== WORK TASK ==
From the line that contains "2016 CADILLAC SRX" through the last line of the data, copy everything exactly and nothing else, omitting the pictures.

== DATA IN THIS EXERCISE ==
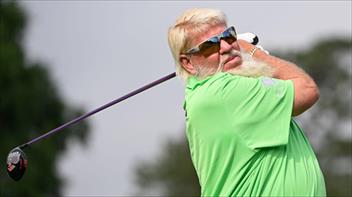 John Daly lập “kỷ lục buồn” với 19 gậy tại PGA Tour Champions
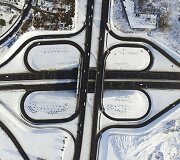 Baigiamas tiesti Vilniaus vakarinio aplinkkelio III etapas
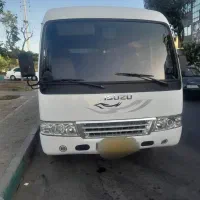 مینوبوس ایسوزو مدل ۹۰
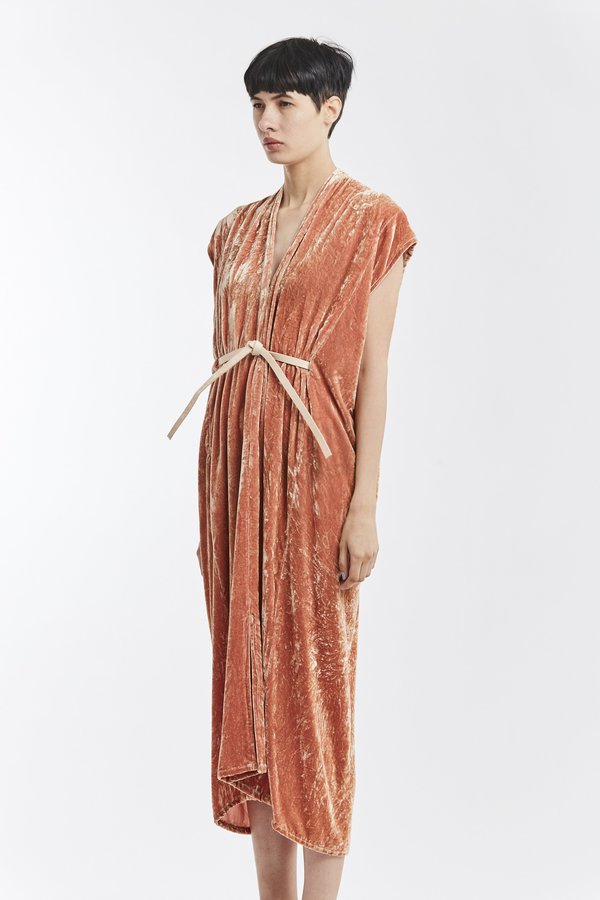 Miranda Bennett Knot Dress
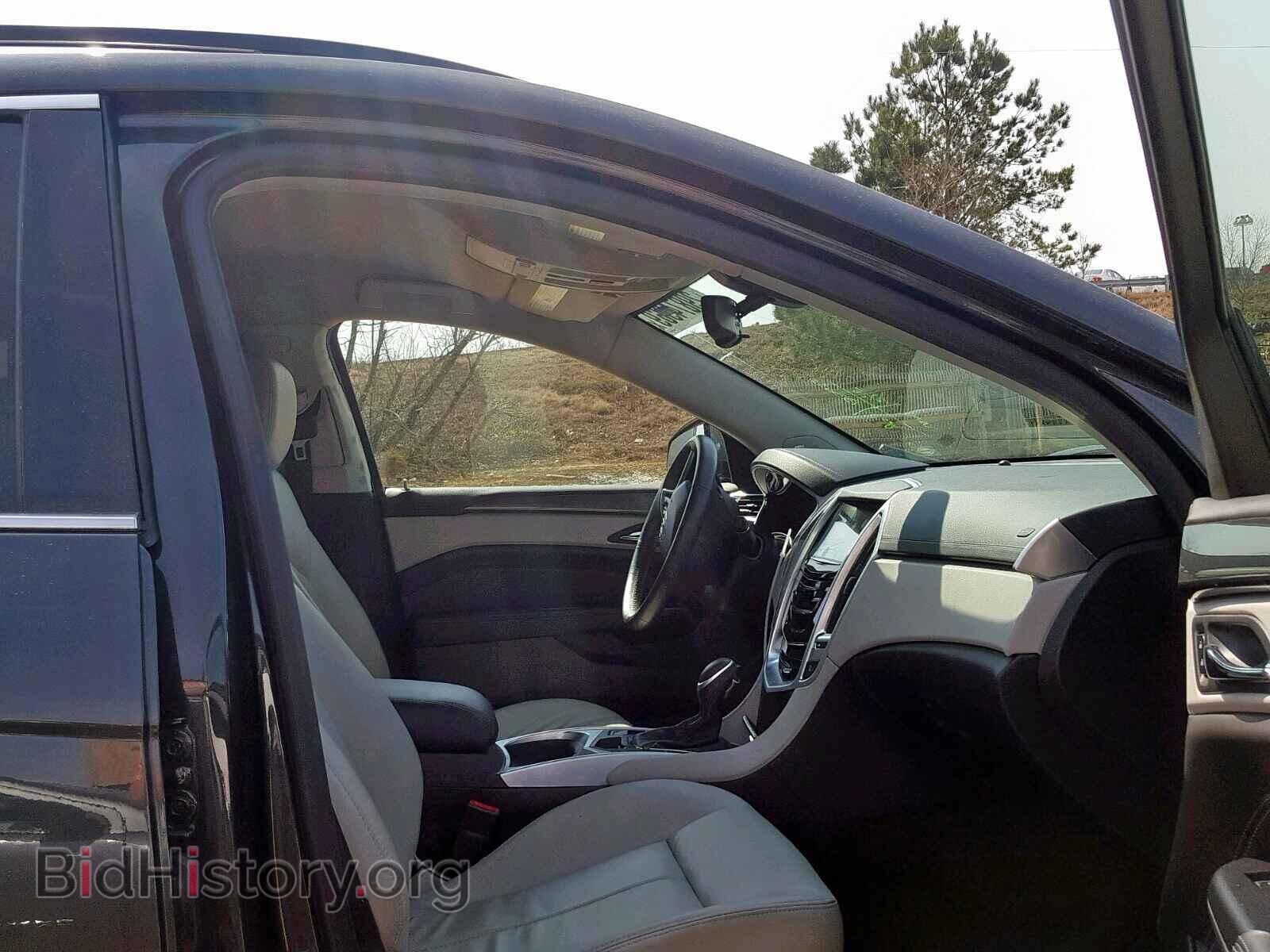 2016 CADILLAC SRX - VIN: 3GYFNAE3XGS517470 - Фото 5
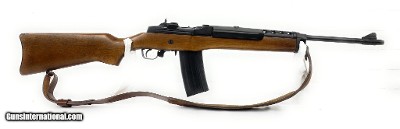 RUGER MINI-14 RANCH RIFLE .223 REM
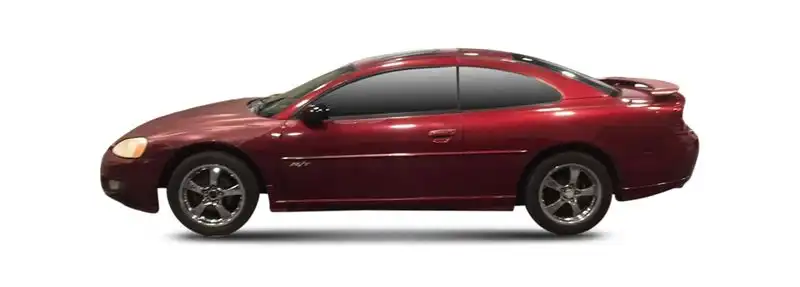 DODGE STRATUS 2.7 Flexfuel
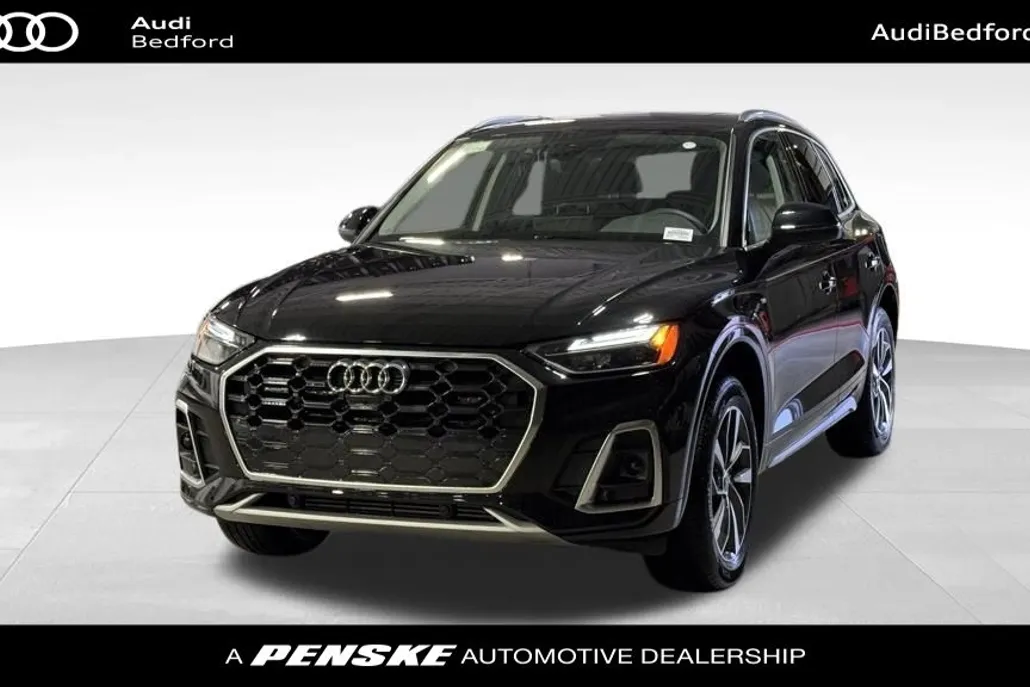 2025 Audi Q5 45 S line Premium photo 1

== SOLUTION TO THE PROBLEM ==
 2016 CADILLAC SRX - VIN: 3GYFNAE3XGS517470 - Фото 5
 RUGER MINI-14 RANCH RIFLE .223 REM
 DODGE STRATUS 2.7 Flexfuel
 2025 Audi Q5 45 S line Premium photo 1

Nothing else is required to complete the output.